Global fund suspends anti-AIDS grants

UGANDA: Global fund suspends anti-AIDS grants


©  Global Fund

The fund wants to see better control of programmes

KAMPALA, 24 Aug 2005 (PLUSNEWS) - The Global Fund to Fight AIDS, Tuberculosis and Malaria announced on Wednesday a suspension of all its grants to Uganda due to "evidence of serious mismanagement" of the funds.

Ugandan health minister Jim Muhwezi said the suspension would disrupt the country's hitherto successful anti-AIDS campaign.

"I have got that communication," Muhwezi told IRIN on Wednesday. "They are concerned about certain issues that they want clarified, and so they have suspended grants to us."

He added: "It is a disruption of the anti-AIDS programme, but we hope that we can be able to sort out what they want in a short time."

The fund said it had suspended the grants until the Ugandan Ministry of Finance put in place a new structure that would guarantee the effective management of the funds.

In a statement issued from its headquarters in Geneva, Switzerland, the fund said the decision was based on a review of one of the five grants - undertaken by PricewaterhouseCoopers - that revealed "evidence of serious mismanagement by the Project Management Unit (PMU) in the Ministry of Health".

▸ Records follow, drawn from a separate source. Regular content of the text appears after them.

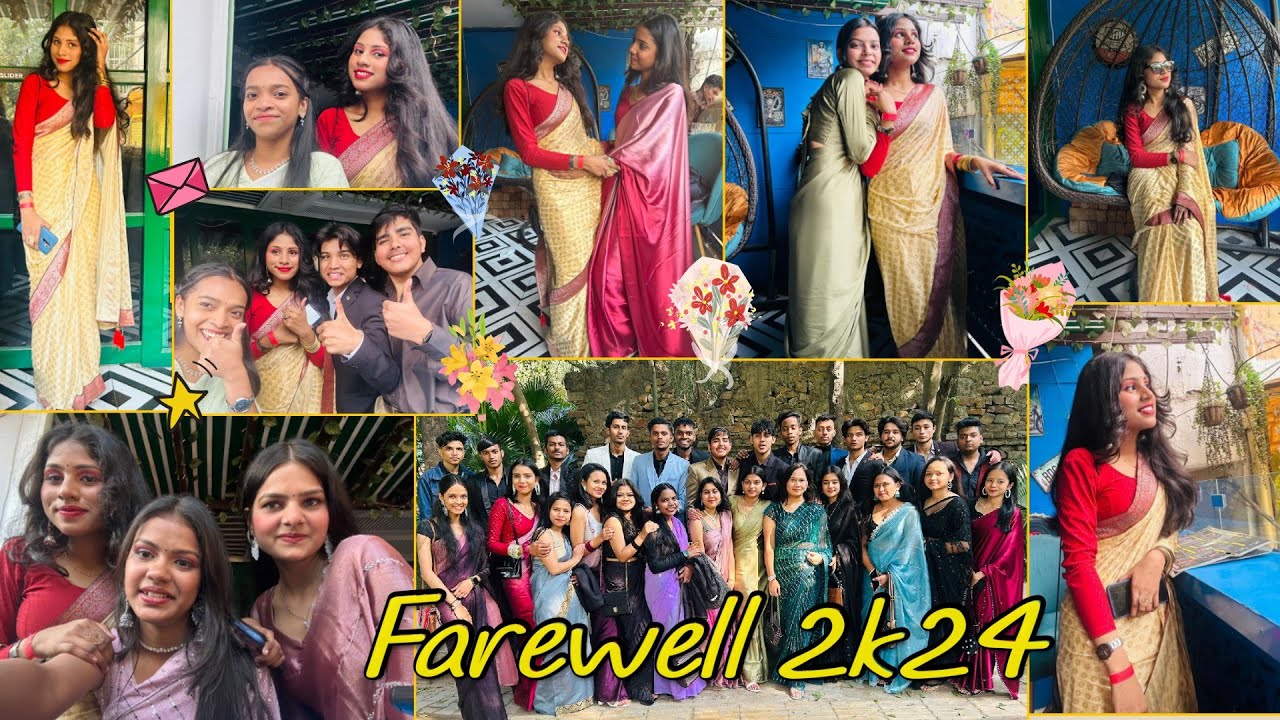 Farewell vlog 2k24 / Farewell Party with friends / - YouTube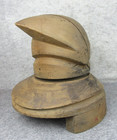 Vintage Millinery Puzzle Antique Hat Cap Factory Wood Block Industrial Mold
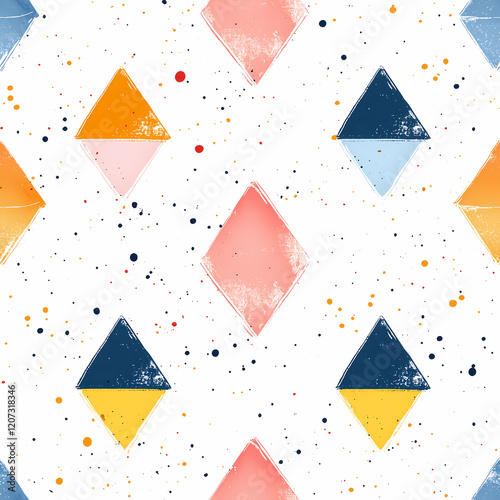 A seamless pattern designed in an Eastern style, Seamless design allows for a perfectly continuous pattern with no visible seams.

It added: "The PMU has been responsible for overseeing the implementation of Global Fund programmes in Uganda. While the review centered on the Round 1 HIV/AIDS grant, the same PMU manages all five grants, and to minimise risk all five have been temporarily suspended."

"The other grants include a second grant for HIV/AIDS, two grants to combat malaria, and one grant targeting tuberculosis. These grants are worth a total of US $201 million over two years, of which $45.4 million has been disbursed to date."

The fund requested the Ugandan finance ministry to come up with a plan by the end of October for re-structured implementation arrangements for all grant-funded programmes.

However, the fund added, arrangements were being put in place to continue funding life-saving treatment and prevention activities such as the procurement and distribution of condoms.

Uganda has won international praise for its aggressive campaign against HIV/AIDS, managing to bring levels down from more than 20 percent in the 1980s, to its current 7 percent prevalence rate.

The East African country is, however, still confronted with a serious HIV/AIDS epidemic and about 1.2 million of its people are living with the disease.